32. Commissioner of Income Tax vide letter dated 31st July, 2013 had furnished a chart giving details of hearing before the tribunal, which indicates that 24 hearings were held till 4th June, 2013. The said chart reads as under:-
“S. No. |
Date of Hearing Adjourned to Adjournment sought (A/R) |
1 |
02.02.2012 14.02.2012 Part heard and continue hearing alongwith ITA No.5622, 5623/10 & 5465/2011 |
2 |
14.02.2012 15.02.2012 Adjourned |
3 |
15.02.2012 06.03.2012 Arguments of assesse counsel partly heard. Adjourned to 06.03.2012. |
4 |
06.03.2012 29.03.2012 Judicial members on leave |
5 |
29.03.2012 30.04.2012 Constitution of Bench ends to be presented before regular Bench |
6 |
30.04.2012 11.07.2012 Adjourned by Bench for want of time |
7 |
11.07.2012 01.08.2012 Adjourned on request of both parties |
8 |
01.08.2012 02.08.2012 Adjourned |
9 |
02.08.2012 23.08.2012 Assessee’s argument. Part Heard |
10 |
23.08.2012 03.09.2012 Adjourned on request of both parties |
11 |
03.09.2012 05.09.2012 Adjourned on request of both parties |
12 |
05.09.2012 15.10.2012 Adjourned on request of both parties |
13 |
15.10.2012 01.11.2012 Adjourned on request of both parties |
14 |
01.11.2012 08.11.2012 Both counsel’s busy in special Bench Adjourned on request of both parties |
15 |
08.11.2012 21.11.2012 Adjourned on request of both parties |
16 |
21.11.2012 To be listed in regular course |
17 |
03.01.2013 30.01.2013 Adjourned on request of DR |
18 |
30.01.2013 11.03.2013 12.03.2013 Adjourned due to paucity of time by bench |
19 |
11.03.2013 01.04.2013 Adjourned on request of both parties |
20 |
01.04.2013 02.04.2013 Assessee’s counsel’s argument heard |
21 |
03.04.2013 09.04.2013 Special Counsel’s argument continued. Adjourned to 08.05.2013. |
22 |
08.05.2013 15.05.2013 |
23. |
05.2013 Special counsel’s argument continued.23 23.05.2013 04.06.2013 Member on leave |
24 |
04.06.2013 02.07.2013 Member on leave and Adjourned by both parties. |
”
33. It is apparent that the department had engaged special counsel in the present case.
34. It is noticeable that in the writ petition the Revenue has not stated or averred that the assessee is responsible for the delay or was adopting dilatory tactics to prevent adjudication of the appeal.

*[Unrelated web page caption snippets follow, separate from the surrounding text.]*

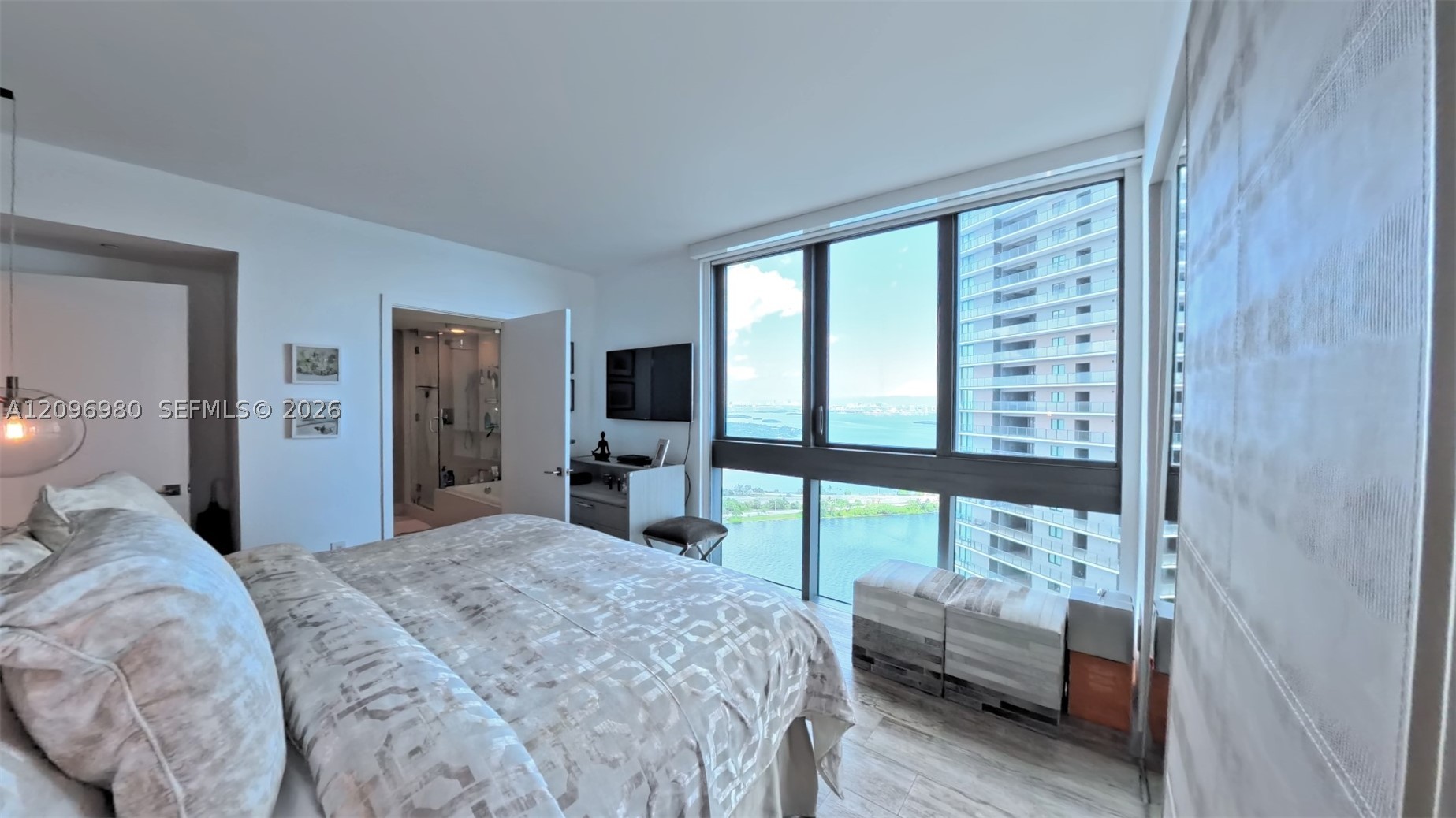 650 NE 32nd St #3707, Miami FL 33137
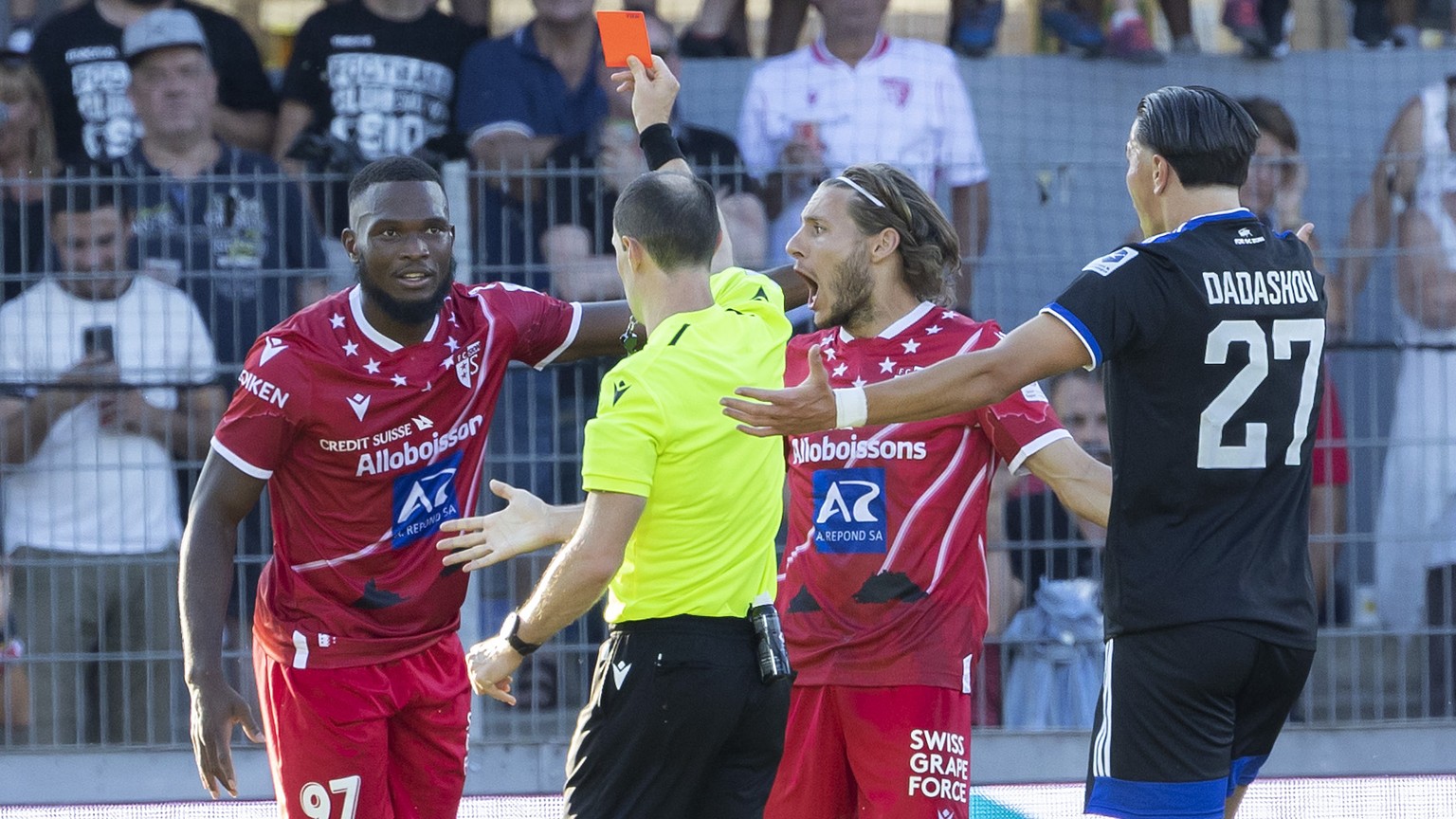 The referee Stefan Horisberger shows the red card to Sion&#039;s defender Dimitri Cavare, left, during the Super League soccer match of Swiss Championship between FC Sion and Grasshopper Club Zuerich, ...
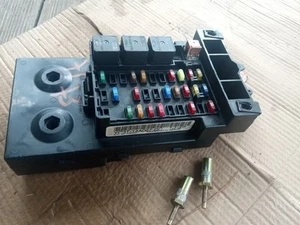 99-01 FORD F-250 F350 SUPER DUTY V10 DIESEL FUSE BOX BLOCK YC3T-14A067-DC - Picture 1 of 19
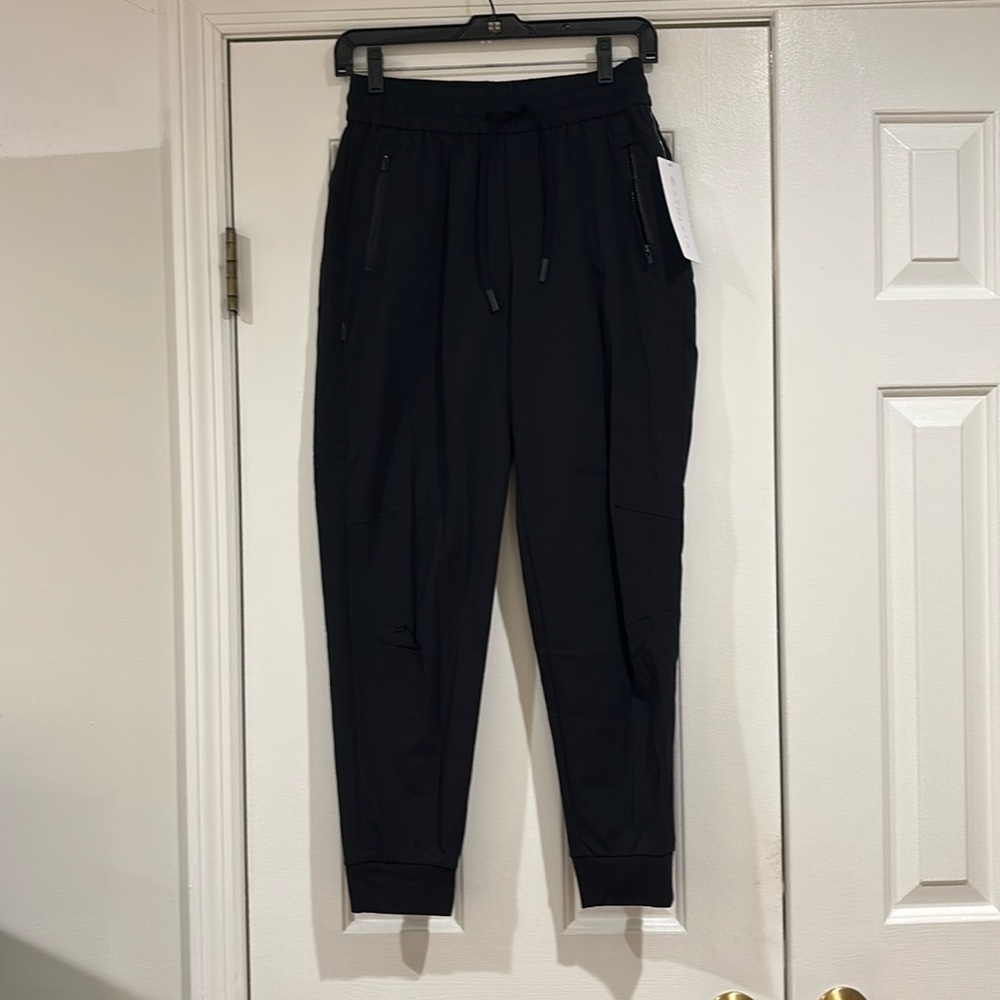 Athleta Trekkie North jogger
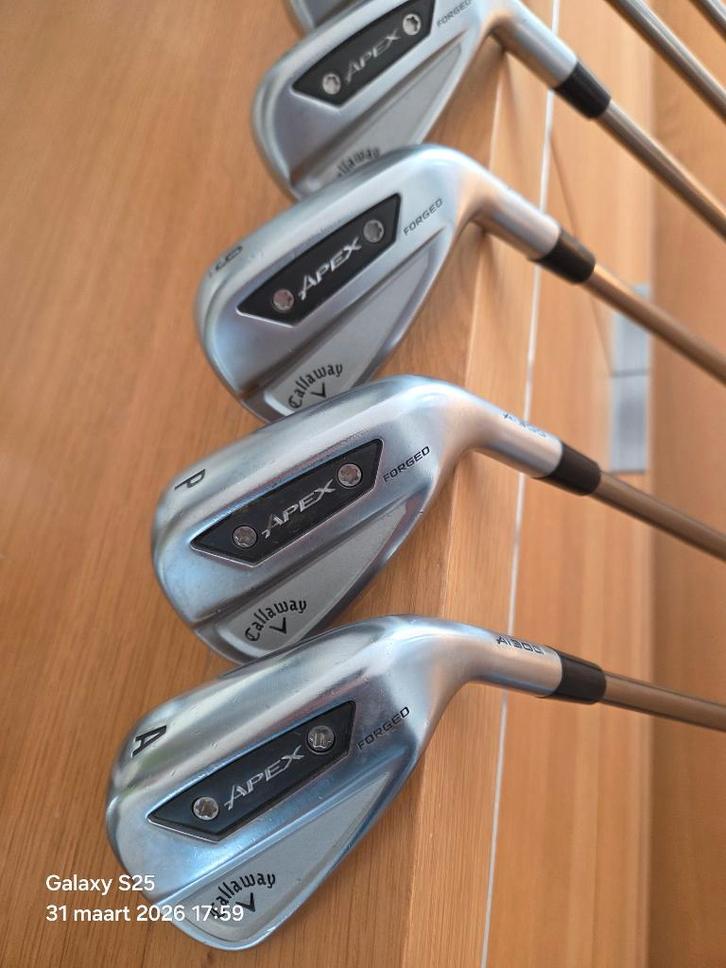 Callaway Apex AI 300 5 tm AW (7 irons) - 2025 met aankoopbon, Sport en Fitness, Golf, Gebruikt, Set, Callaway, Ophalen of Verzenden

35. Keeping in view the aforesaid facts, we direct that in case appeals filed by the two assessees have not been disposed of, the same should be disposed of expeditiously and preferably within a period of two months. The impugned demand shall remain stayed during the said period in case appeals have not yet been disposed of. However, in case the appeals are not disposed of within the said period, it will be open to the assessee to file a writ petition in the High Court for grant of stay of the impugned demand. It will be also open to the tribunal to proceed in accordance with the law as indicated above.
36. The writ petitions are accordingly disposed of, without any order as to costs.